- _TASK DIRECTIONS_: The answer must be a single number: how many lines in the records below contain the word "already".

- _Collected data_:

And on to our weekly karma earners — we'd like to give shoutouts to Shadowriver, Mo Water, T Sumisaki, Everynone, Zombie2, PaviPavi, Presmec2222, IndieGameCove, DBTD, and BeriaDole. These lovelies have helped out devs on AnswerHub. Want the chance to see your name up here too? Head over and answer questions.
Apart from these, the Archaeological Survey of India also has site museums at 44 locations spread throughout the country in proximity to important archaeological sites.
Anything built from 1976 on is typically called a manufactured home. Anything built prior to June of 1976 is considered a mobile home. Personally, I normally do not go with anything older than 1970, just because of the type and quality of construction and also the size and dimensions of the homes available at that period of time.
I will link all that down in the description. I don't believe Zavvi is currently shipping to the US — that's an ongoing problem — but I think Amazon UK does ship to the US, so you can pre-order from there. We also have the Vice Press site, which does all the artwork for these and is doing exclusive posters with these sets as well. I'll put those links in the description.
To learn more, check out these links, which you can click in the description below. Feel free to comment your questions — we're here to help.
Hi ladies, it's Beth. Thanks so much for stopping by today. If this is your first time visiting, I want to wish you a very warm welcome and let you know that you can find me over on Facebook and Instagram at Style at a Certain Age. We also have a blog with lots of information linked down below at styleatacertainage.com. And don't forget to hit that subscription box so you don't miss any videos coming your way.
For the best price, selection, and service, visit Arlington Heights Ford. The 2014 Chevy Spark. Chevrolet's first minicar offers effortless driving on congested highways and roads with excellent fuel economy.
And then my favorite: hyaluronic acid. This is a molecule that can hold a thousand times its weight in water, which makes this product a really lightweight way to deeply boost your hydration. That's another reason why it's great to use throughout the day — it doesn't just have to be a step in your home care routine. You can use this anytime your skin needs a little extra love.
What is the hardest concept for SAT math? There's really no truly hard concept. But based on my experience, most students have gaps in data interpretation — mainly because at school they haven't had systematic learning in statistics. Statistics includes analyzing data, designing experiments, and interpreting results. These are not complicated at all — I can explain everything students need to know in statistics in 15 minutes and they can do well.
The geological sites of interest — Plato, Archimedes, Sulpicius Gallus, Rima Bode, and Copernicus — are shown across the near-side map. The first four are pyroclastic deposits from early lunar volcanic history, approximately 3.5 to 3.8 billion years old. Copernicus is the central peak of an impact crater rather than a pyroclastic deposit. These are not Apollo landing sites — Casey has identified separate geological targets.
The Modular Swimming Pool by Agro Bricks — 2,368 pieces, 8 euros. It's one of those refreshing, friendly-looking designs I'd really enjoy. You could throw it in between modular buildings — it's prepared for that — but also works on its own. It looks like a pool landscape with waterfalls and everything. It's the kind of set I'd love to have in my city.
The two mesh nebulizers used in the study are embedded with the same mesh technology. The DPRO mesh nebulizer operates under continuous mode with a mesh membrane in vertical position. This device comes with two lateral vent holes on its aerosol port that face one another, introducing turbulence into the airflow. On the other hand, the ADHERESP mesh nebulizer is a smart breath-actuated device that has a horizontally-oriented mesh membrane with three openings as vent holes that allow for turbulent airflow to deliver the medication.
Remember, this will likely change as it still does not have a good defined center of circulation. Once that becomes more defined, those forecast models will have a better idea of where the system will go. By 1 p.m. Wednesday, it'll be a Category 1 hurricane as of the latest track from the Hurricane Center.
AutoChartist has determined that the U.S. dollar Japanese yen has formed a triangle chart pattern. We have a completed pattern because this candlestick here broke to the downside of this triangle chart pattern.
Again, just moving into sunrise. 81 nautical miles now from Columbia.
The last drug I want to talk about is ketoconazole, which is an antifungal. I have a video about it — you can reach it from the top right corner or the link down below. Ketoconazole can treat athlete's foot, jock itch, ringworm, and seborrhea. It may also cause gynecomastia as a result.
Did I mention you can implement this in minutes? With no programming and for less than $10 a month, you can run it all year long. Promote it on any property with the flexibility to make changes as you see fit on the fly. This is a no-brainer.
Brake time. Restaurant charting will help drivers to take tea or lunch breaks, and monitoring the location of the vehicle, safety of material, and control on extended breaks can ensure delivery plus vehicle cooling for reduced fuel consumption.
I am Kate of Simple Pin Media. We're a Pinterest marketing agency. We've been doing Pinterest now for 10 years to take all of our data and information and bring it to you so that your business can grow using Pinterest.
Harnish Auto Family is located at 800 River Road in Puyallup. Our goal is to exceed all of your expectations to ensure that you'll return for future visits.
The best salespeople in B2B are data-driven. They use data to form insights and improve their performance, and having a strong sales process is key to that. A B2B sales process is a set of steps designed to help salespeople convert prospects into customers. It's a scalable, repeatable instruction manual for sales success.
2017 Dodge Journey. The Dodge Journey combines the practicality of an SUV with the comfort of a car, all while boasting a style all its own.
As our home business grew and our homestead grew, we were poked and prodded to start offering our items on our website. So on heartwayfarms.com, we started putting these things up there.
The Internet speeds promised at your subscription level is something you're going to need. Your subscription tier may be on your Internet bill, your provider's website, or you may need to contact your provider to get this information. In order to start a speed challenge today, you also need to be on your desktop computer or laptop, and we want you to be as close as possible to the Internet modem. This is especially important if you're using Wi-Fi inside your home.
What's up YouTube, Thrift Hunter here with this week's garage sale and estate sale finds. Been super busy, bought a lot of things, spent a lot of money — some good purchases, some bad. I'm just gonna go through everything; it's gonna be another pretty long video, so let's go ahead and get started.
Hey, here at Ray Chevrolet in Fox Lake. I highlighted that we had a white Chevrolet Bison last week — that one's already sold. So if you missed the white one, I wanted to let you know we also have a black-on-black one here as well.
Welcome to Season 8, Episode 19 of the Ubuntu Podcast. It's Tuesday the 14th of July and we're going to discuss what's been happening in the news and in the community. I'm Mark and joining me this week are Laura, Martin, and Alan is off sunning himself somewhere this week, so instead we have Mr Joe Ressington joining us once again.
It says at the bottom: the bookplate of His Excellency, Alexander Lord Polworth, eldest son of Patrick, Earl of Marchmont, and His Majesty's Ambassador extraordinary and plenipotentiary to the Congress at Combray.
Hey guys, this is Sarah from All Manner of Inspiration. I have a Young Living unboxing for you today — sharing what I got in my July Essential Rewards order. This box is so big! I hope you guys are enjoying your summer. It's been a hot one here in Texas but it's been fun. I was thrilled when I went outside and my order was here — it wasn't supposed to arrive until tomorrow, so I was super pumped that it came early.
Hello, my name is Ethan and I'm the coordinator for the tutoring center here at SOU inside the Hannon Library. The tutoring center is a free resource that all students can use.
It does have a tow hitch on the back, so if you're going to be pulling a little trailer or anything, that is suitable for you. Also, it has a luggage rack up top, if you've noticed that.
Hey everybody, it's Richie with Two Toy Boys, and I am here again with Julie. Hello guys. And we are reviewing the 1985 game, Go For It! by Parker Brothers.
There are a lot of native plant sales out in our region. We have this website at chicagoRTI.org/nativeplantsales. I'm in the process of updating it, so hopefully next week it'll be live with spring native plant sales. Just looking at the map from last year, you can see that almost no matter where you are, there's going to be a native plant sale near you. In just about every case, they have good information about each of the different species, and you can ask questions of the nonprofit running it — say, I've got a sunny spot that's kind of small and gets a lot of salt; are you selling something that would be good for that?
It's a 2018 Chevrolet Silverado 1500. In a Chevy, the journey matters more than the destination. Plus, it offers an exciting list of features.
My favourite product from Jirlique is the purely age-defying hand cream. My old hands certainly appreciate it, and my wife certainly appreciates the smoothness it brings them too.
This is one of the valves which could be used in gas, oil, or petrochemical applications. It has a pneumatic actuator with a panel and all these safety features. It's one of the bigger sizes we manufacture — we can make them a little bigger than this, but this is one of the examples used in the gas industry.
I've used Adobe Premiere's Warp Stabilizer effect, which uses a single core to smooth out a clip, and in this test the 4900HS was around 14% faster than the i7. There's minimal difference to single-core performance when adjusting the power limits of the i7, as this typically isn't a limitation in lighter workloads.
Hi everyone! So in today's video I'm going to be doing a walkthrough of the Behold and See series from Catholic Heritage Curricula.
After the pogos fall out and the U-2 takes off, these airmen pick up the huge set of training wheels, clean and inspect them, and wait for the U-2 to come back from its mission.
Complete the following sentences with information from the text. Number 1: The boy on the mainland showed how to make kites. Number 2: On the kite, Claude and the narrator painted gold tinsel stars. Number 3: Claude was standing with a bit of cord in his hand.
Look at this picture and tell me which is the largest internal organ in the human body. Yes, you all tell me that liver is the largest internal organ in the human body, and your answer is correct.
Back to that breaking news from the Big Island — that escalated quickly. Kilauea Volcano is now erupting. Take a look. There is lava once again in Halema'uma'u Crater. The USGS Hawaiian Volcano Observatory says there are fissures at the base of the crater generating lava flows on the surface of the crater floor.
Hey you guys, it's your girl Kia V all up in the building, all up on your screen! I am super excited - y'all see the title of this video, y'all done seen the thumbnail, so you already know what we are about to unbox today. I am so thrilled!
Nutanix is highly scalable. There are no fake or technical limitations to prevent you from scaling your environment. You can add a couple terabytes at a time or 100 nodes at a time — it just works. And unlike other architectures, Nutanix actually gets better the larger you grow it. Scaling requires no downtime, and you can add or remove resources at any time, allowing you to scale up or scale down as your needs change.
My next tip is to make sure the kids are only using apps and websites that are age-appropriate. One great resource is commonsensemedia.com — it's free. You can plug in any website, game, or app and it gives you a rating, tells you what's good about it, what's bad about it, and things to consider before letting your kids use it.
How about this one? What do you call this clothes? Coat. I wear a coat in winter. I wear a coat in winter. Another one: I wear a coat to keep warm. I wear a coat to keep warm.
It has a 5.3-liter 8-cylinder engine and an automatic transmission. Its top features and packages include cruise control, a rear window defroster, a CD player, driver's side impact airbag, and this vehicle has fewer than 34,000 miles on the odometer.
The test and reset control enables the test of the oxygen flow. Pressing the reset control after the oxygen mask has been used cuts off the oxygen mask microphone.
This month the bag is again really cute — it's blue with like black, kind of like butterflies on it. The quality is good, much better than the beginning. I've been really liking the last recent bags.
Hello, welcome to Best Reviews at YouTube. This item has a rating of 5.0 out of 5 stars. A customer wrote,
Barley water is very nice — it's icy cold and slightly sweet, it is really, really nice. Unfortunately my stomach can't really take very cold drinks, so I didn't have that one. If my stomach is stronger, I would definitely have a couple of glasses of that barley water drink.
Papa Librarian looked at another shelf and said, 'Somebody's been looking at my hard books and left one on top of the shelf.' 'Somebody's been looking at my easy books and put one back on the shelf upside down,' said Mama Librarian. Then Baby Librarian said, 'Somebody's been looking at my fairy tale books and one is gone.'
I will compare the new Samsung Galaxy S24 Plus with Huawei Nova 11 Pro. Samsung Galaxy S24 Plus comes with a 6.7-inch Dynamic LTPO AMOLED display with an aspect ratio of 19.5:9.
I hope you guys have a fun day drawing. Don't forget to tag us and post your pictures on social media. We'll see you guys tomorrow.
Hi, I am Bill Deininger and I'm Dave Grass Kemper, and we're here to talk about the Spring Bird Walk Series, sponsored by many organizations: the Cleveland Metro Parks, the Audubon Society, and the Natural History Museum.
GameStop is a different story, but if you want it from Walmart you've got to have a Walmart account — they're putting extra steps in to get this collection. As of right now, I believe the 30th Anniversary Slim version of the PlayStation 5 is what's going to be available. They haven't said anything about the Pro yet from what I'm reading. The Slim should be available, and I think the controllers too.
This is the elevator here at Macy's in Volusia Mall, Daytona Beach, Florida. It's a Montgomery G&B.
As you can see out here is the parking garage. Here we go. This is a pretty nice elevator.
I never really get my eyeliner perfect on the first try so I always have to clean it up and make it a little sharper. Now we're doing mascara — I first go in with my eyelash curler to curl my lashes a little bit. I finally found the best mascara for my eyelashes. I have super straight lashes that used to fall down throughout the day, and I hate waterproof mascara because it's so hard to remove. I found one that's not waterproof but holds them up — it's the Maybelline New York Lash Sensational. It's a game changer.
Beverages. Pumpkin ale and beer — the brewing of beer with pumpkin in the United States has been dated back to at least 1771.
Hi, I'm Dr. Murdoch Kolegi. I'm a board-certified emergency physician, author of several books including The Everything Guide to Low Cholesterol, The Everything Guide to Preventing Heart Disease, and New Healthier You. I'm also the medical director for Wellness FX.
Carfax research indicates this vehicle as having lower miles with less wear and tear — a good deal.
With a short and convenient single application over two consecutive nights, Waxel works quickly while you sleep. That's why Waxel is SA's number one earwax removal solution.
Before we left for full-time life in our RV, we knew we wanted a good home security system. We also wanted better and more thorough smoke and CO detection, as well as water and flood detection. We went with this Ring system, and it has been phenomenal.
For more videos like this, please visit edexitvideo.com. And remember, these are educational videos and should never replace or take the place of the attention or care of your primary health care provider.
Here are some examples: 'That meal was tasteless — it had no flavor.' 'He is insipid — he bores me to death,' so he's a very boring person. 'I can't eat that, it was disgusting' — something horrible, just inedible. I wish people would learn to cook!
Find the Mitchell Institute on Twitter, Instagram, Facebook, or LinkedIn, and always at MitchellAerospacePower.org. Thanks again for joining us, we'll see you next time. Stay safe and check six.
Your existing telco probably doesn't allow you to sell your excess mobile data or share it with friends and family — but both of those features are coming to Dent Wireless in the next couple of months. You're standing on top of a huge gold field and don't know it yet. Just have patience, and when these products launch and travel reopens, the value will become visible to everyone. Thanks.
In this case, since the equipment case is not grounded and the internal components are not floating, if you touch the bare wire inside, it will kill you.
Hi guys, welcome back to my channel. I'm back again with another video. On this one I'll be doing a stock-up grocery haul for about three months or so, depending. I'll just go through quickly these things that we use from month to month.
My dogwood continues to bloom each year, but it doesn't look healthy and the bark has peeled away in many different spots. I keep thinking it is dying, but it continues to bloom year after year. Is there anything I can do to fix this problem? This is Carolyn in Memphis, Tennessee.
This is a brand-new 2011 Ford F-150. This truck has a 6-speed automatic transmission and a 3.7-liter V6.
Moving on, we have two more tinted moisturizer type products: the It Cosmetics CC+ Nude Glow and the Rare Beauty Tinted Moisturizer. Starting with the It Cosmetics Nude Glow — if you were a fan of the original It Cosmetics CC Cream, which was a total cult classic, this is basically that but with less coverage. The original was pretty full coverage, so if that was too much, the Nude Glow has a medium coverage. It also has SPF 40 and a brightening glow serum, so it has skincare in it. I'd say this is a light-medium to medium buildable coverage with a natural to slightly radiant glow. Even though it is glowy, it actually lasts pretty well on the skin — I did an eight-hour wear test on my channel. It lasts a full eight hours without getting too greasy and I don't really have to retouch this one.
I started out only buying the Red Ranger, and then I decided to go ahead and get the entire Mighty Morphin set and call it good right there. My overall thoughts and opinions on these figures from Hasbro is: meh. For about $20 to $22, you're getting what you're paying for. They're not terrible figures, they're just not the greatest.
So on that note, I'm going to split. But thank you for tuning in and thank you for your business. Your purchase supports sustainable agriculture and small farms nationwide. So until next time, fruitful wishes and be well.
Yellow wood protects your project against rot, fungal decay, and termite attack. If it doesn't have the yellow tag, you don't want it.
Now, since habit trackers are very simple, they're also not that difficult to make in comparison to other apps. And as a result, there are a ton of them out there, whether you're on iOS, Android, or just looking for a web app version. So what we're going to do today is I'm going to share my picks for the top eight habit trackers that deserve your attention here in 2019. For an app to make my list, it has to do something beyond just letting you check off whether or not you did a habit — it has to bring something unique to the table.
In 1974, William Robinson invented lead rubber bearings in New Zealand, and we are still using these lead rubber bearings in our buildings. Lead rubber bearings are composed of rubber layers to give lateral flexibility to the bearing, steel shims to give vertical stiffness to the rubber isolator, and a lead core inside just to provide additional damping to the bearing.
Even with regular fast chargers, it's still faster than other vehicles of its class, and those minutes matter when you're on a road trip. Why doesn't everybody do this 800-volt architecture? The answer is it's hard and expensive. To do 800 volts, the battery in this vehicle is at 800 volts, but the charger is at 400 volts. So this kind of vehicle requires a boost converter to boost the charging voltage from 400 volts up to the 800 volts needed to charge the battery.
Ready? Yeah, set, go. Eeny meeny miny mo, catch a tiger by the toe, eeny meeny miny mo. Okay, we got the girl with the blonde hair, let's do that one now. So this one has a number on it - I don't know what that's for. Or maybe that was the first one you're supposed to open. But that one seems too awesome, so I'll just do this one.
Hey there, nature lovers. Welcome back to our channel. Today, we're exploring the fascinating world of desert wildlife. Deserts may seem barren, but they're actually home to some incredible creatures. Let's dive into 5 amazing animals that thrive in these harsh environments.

- _WRITTEN RESPONSE_: 2